Given information.
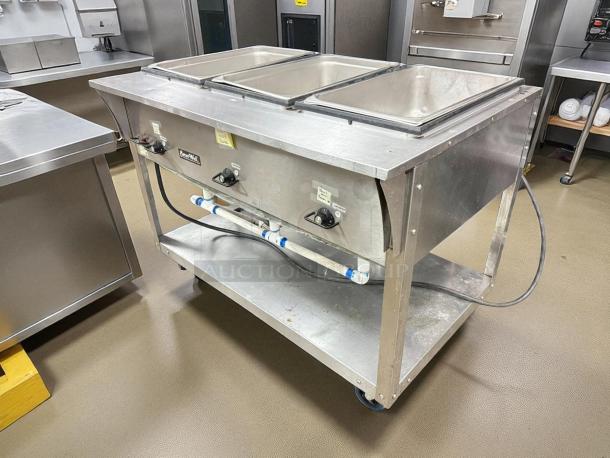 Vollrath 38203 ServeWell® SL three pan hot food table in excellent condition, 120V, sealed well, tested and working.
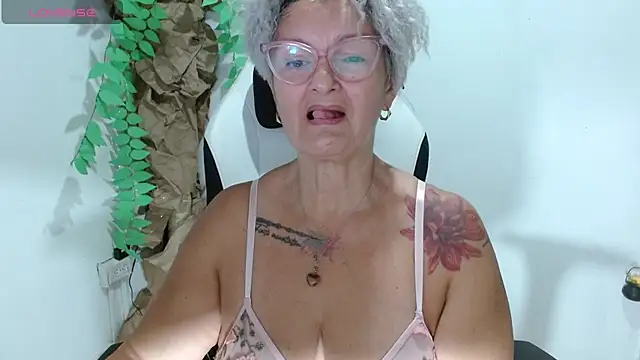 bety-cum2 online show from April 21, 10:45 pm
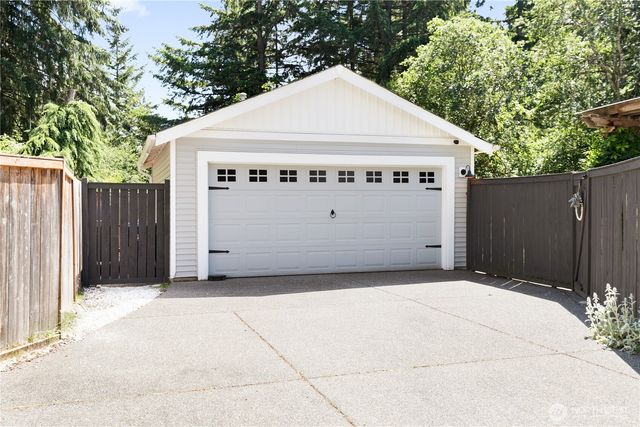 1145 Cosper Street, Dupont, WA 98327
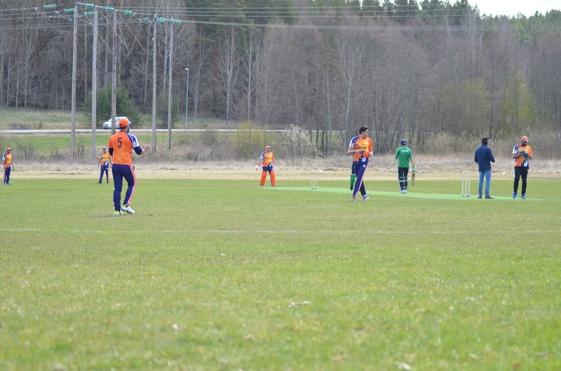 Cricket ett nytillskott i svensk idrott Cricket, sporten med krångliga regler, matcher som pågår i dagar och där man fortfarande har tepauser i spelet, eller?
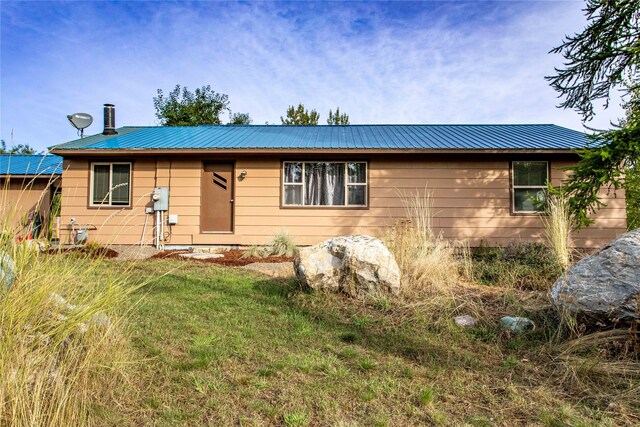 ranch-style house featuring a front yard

Work item. Give back the material exactly as written, from its first line to the line that contains "1145 Cosper Street, Dupont, WA 98327", and leave out the pictures.

Solution below.
 Vollrath 38203 ServeWell® SL three pan hot food table in excellent condition, 120V, sealed well, tested and working.
 bety-cum2 online show from April 21, 10:45 pm
 1145 Cosper Street, Dupont, WA 98327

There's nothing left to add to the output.